Un grande umanista era inevitabile incontrasse lungo il cammino il disincanto e il dolore di Giacomo Leopardi, ma Gigante non fece in tempo a pubblicare i suoi “dialoghi” col poeta di Recanati. Ci pensò il quarto figlio Claudio a compiere la volontà del padre: “Leopardi e l’antico” (editore Il Mulino).

Lo conobbi alla fine del ‘900, il suo crepuscolo. Mi accolse nella sua casa biblioteca e nelle sue grazie, miracolo dell’empatia.
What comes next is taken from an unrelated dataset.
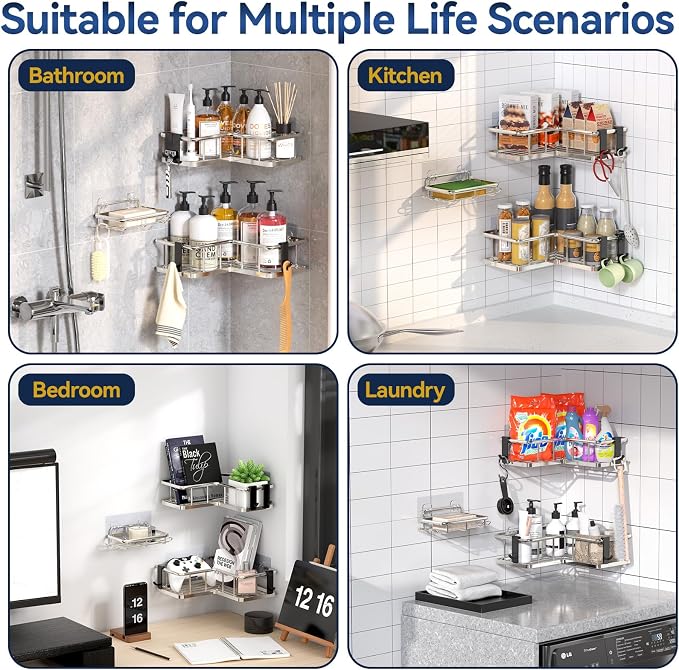 YASONIC Corner Shower Caddy Organizer, Large Capacity Shower Storage Rack - Image 9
Il dito alzato, il passo introverso e il dono della parola, Marcello Gigante era cosi immerso nel mondo antico che quando saliva in cattedra, con voce sicura e senza mai darsi arie, poteva raccontare e raccontare per ore.

Dentro il guscio c’era un uomo timido e buono, a suo agio con Epicuro, il filosofo greco che citava spesso nelle riflessioni sulla vita.”Vedi Ferruccio la morte non esiste, perché finché ci siamo noi non c’è lei e quando c’è lei non ci siamo più noi”. Credo fu l’ultima cosa che ascoltai da lui prima del 23 novembre 2001, giorno in cui morì a 78 anni.